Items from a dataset
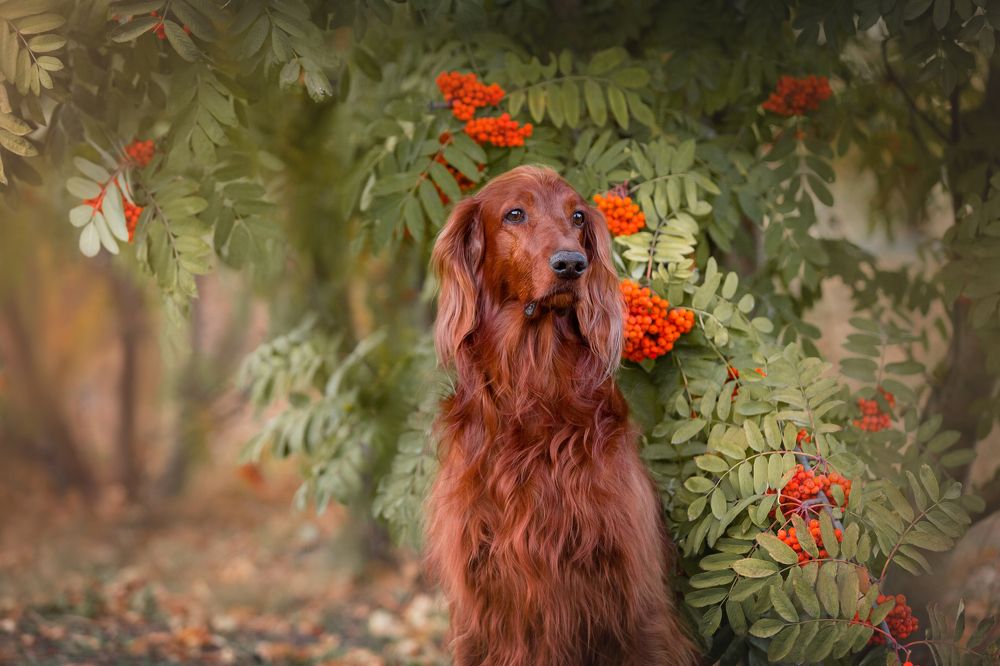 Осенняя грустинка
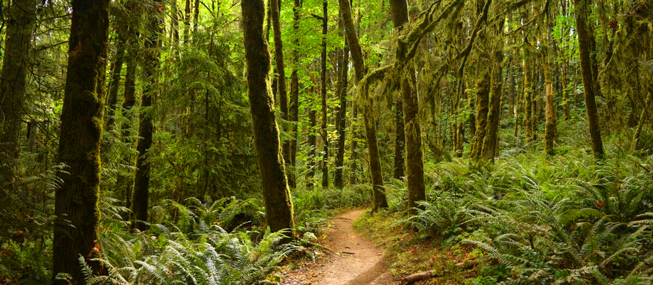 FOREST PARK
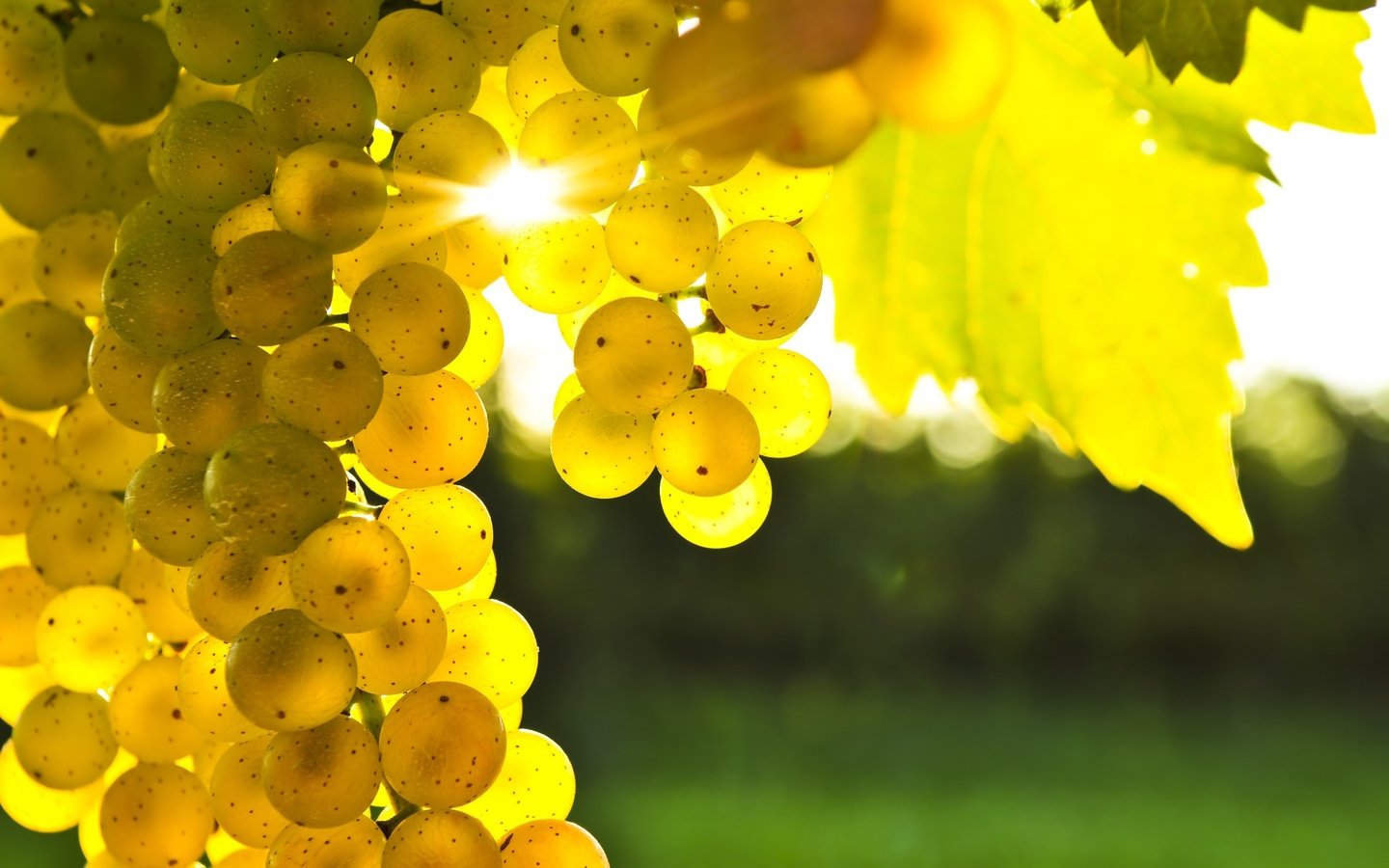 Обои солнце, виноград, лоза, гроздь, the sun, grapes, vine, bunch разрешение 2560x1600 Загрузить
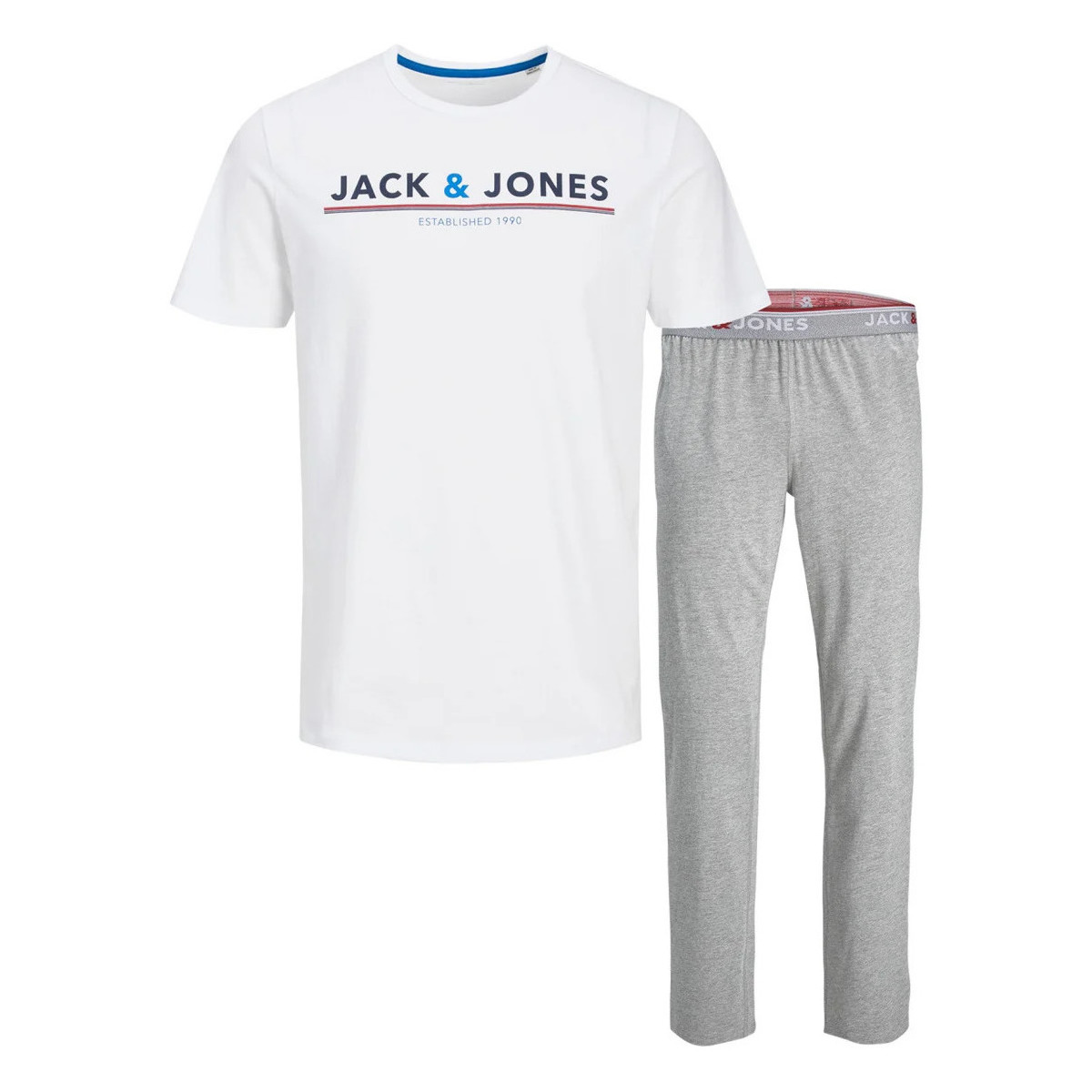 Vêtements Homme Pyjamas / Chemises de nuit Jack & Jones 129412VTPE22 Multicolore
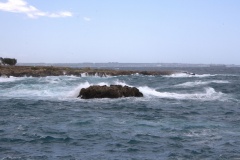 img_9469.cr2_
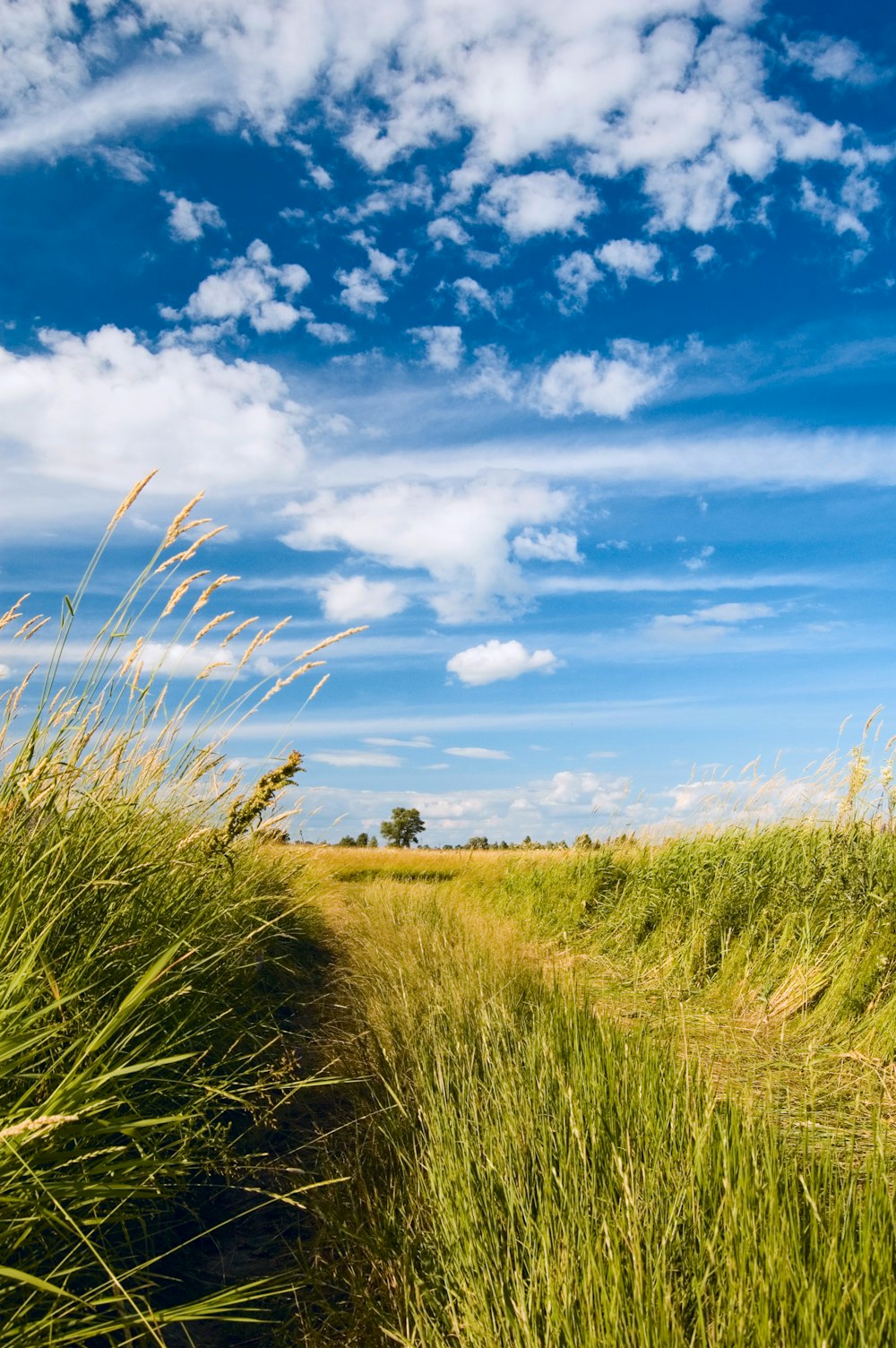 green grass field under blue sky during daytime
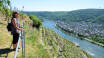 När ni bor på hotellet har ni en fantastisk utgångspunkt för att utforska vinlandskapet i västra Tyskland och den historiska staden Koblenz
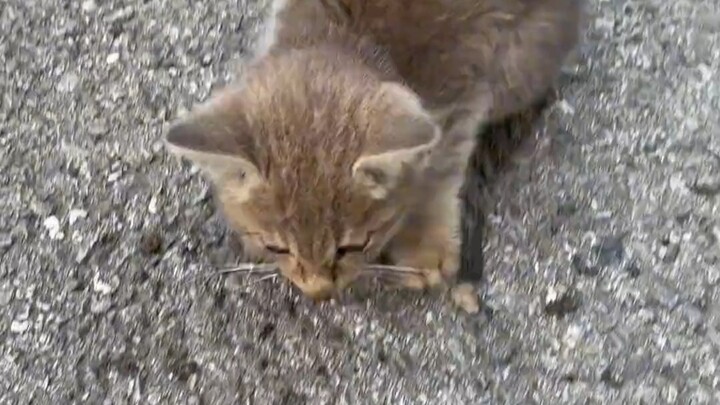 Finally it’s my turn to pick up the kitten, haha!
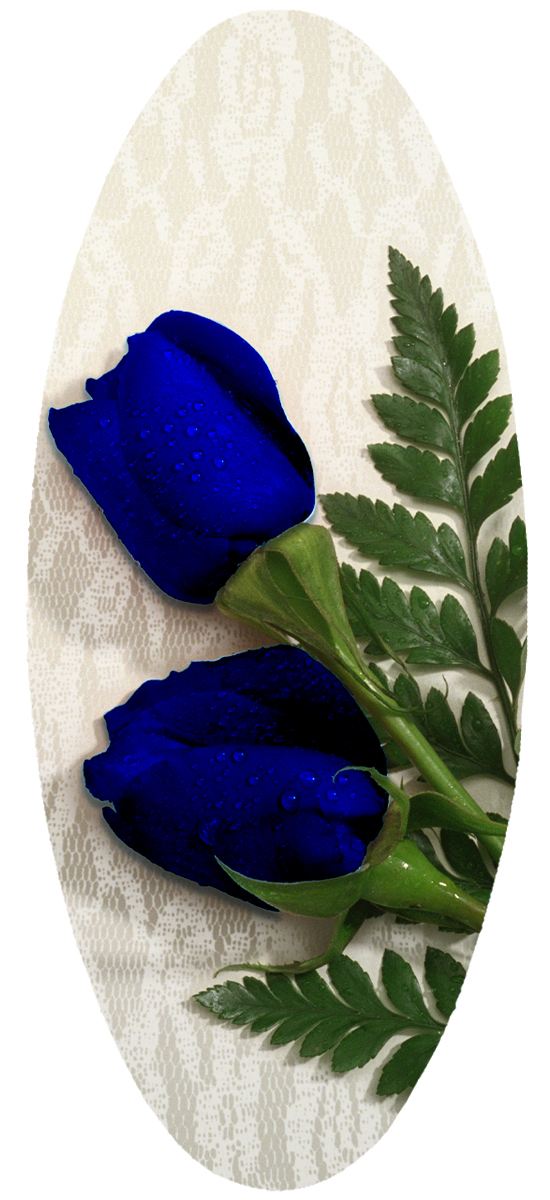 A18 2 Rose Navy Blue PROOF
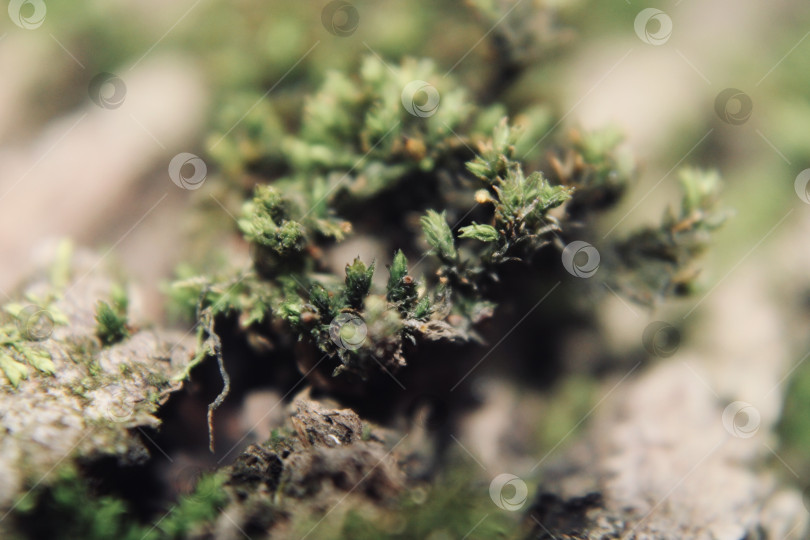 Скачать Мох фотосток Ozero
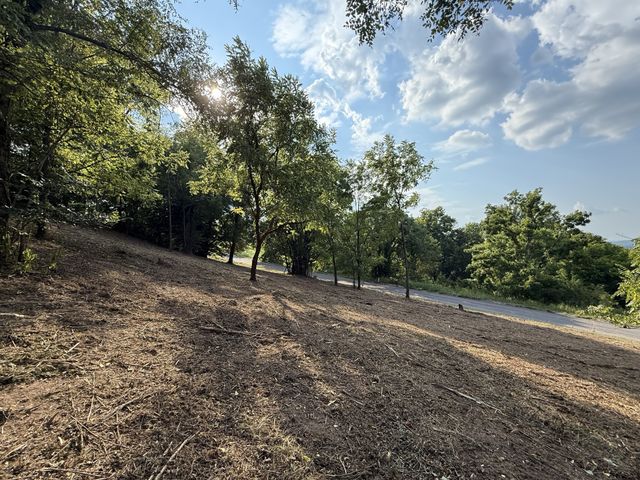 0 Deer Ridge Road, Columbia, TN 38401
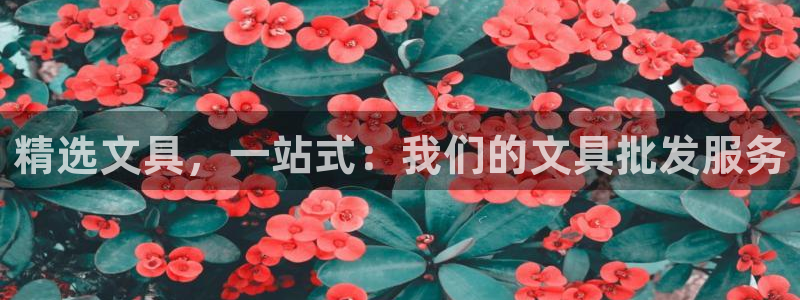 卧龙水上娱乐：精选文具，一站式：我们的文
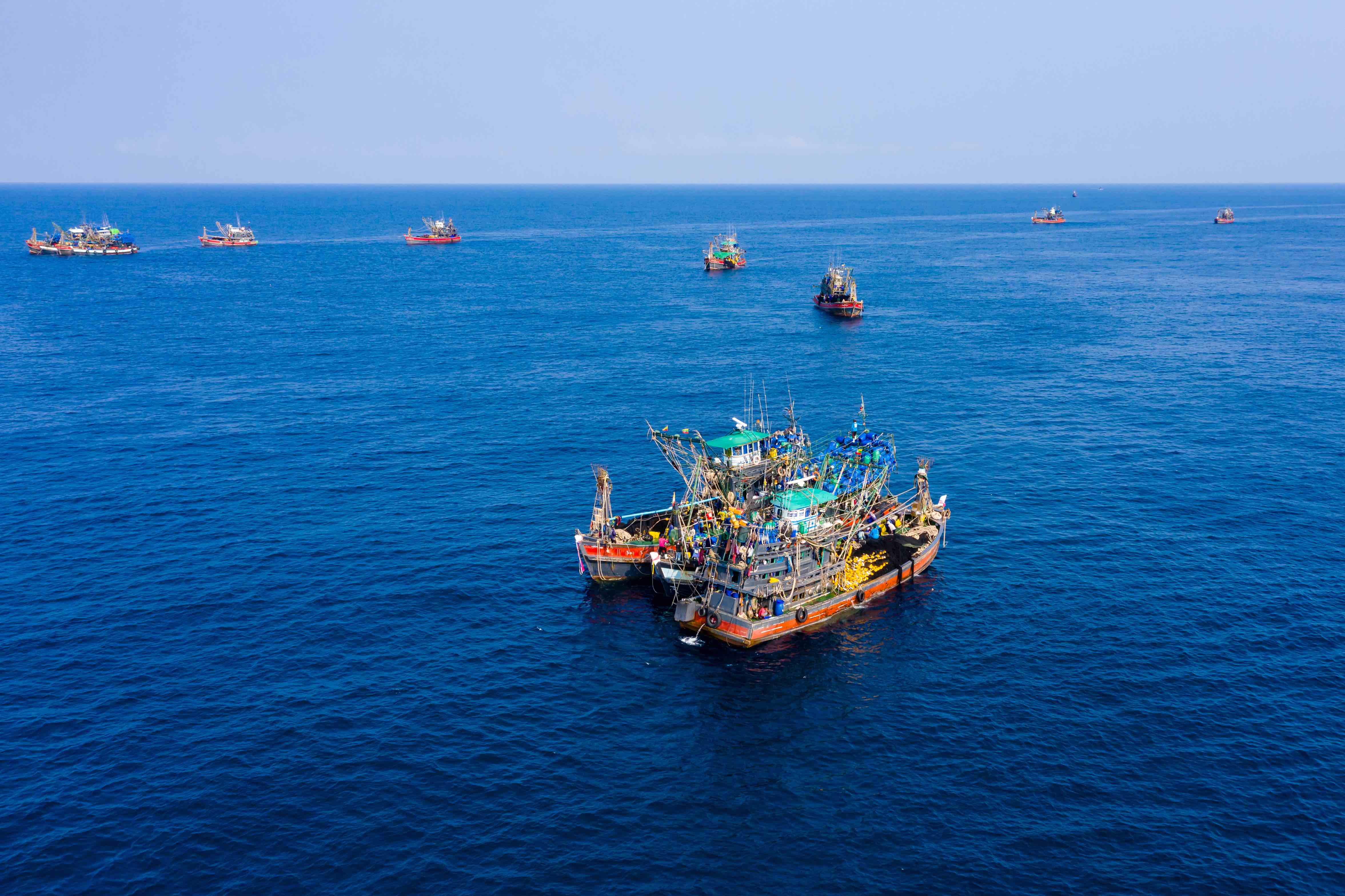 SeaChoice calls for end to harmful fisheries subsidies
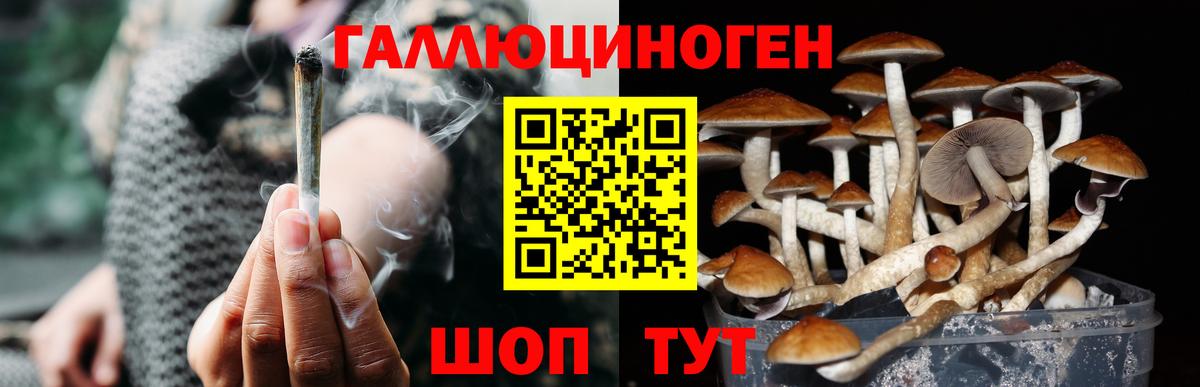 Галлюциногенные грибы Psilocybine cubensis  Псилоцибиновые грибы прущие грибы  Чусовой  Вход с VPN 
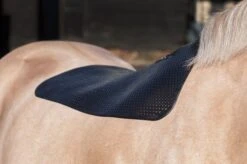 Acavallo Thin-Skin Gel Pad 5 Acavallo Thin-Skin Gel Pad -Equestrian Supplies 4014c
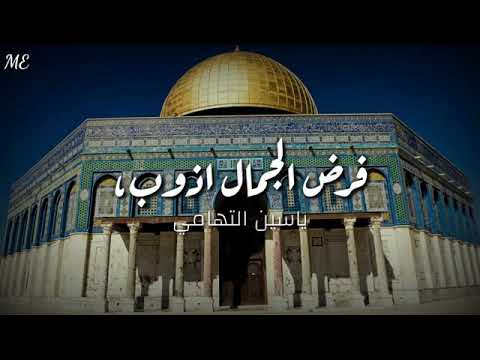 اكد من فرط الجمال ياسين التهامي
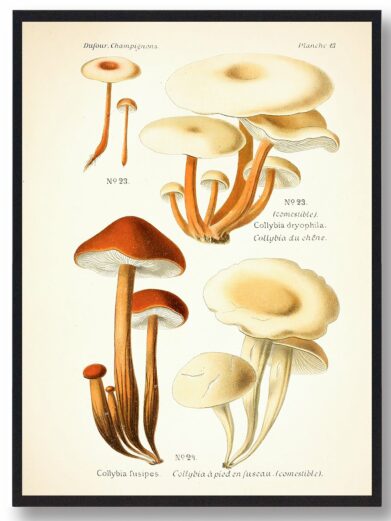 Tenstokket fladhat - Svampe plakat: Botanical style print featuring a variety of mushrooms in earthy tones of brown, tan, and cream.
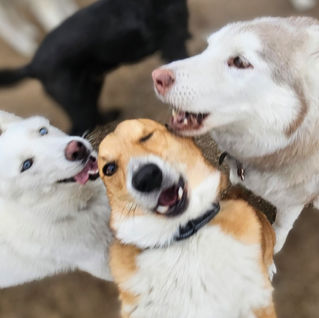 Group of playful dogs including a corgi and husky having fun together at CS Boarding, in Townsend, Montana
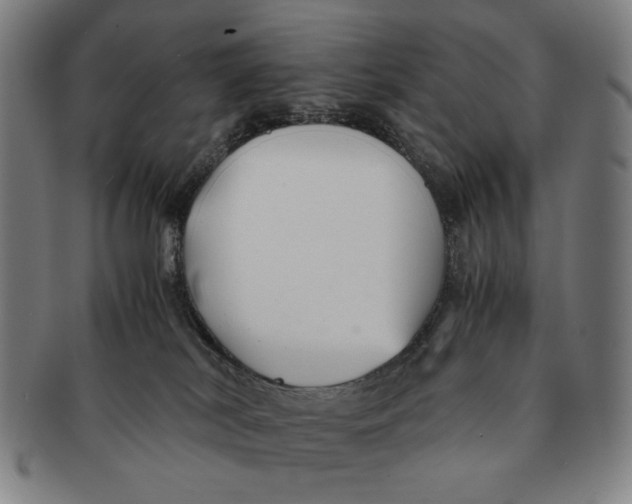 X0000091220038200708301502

_Exercise objective_
Give again the stretch of lines above from the one with "FOREST PARK" through the one with "Галлюциногенные грибы Psilocybine", both ends kept, and copy no pictures.

_Completed exercise_
 FOREST PARK
 Обои солнце, виноград, лоза, гроздь, the sun, grapes, vine, bunch разрешение 2560x1600 Загрузить
 Vêtements Homme Pyjamas / Chemises de nuit Jack & Jones 129412VTPE22 Multicolore
 img_9469.cr2_
 green grass field under blue sky during daytime
 När ni bor på hotellet har ni en fantastisk utgångspunkt för att utforska vinlandskapet i västra Tyskland och den historiska staden Koblenz
 Finally it’s my turn to pick up the kitten, haha!
 A18 2 Rose Navy Blue PROOF
 Скачать Мох фотосток Ozero
 0 Deer Ridge Road, Columbia, TN 38401
 卧龙水上娱乐：精选文具，一站式：我们的文
 SeaChoice calls for end to harmful fisheries subsidies
 Галлюциногенные грибы Psilocybine cubensis  Псилоцибиновые грибы прущие грибы  Чусовой  Вход с VPN 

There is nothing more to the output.